| Task goal |
For the entries that follow, restate word for word the line containing "laundry area featuring", the line containing "Ett färgrikt målarrum", and every line that lies between them.

══════════════════════════════

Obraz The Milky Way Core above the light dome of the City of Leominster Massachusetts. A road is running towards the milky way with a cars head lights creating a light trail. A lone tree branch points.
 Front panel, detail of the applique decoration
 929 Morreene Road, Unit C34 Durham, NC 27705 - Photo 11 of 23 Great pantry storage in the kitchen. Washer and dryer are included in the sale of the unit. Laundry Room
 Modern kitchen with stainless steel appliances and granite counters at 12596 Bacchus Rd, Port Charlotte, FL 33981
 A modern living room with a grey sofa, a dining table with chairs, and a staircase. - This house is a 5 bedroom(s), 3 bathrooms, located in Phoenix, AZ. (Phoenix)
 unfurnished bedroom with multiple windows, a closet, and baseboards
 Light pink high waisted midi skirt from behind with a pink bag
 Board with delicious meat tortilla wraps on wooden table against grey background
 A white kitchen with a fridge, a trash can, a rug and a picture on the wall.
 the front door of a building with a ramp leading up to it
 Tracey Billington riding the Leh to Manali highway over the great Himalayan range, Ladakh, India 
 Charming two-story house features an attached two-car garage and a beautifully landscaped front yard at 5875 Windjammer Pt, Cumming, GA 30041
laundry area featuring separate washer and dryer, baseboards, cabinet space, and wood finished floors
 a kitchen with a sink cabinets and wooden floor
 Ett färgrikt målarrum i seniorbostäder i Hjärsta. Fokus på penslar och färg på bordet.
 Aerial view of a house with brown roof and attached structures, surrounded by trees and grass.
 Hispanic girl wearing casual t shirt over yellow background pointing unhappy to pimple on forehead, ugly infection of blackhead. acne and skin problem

══════════════════════════════

| Result below |
laundry area featuring separate washer and dryer, baseboards, cabinet space, and wood finished floors
 a kitchen with a sink cabinets and wooden floor
 Ett färgrikt målarrum i seniorbostäder i Hjärsta. Fokus på penslar och färg på bordet.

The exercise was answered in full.